What is expected
Retype, without changes or pictures, only the lines that begin at the one containing "Carton inline tapping" and end at the last line of the records that follow.

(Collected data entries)
%%
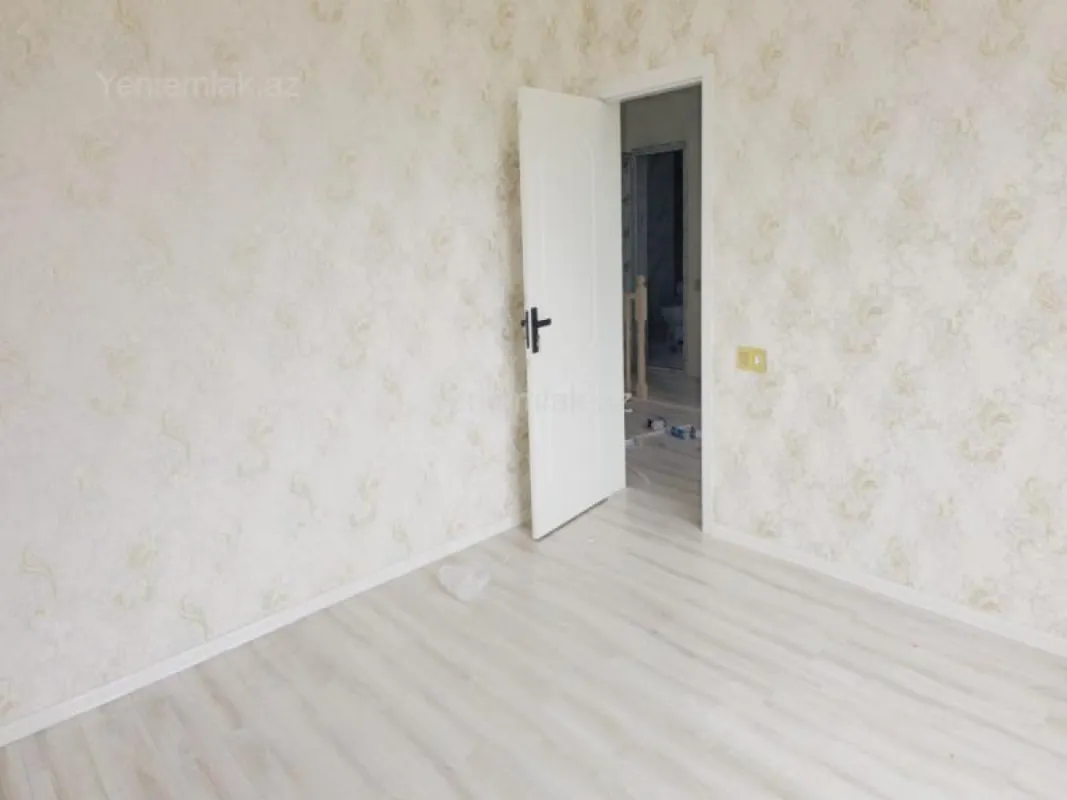 Satılır 4 otaqlı həyət evi 160 m²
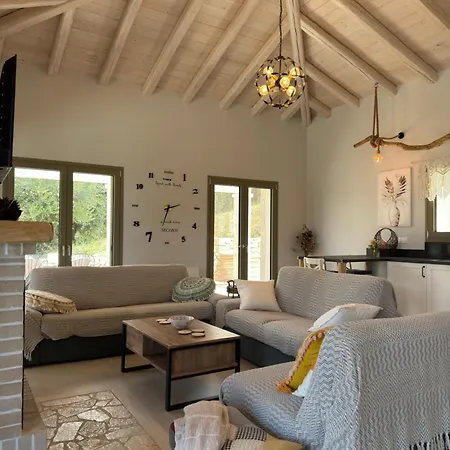 Seaforest Villa, Grand New! 2 Km From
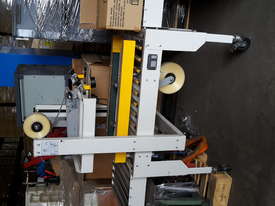 Carton inline tapping machine - picture0' - Click to enlarge
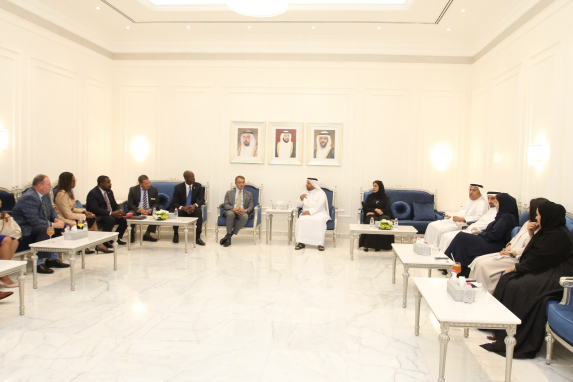 غرفة الشارقة تستعرض أمام وفد من ولاية فلوريدا مزايا الاستثمار والفرص الواعدة في الشارقة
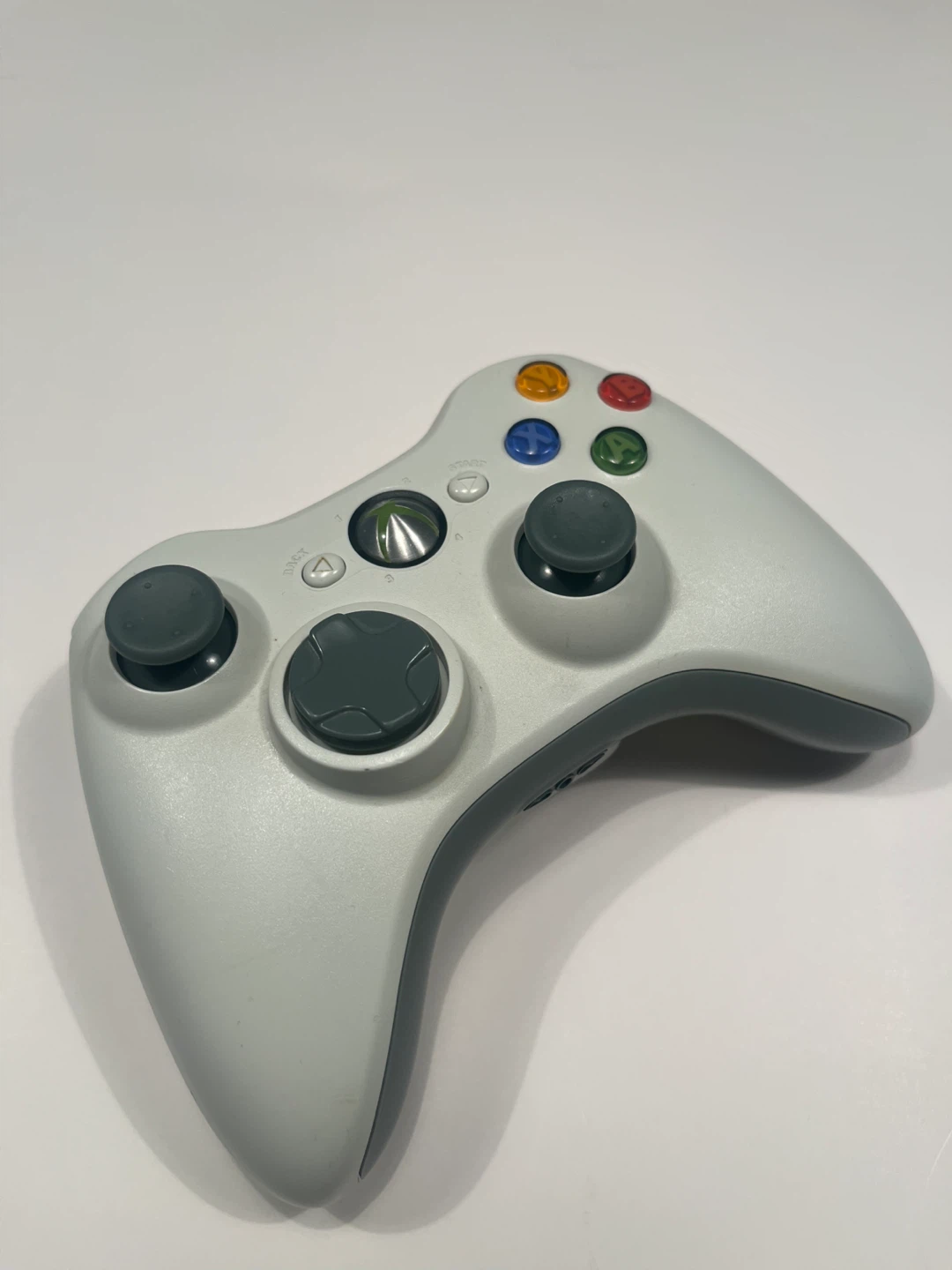 Xbox 360 Wireless Controllers (Black & White) - photo 3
%%
Output
 Carton inline tapping machine - picture0' - Click to enlarge
 غرفة الشارقة تستعرض أمام وفد من ولاية فلوريدا مزايا الاستثمار والفرص الواعدة في الشارقة
 Xbox 360 Wireless Controllers (Black & White) - photo 3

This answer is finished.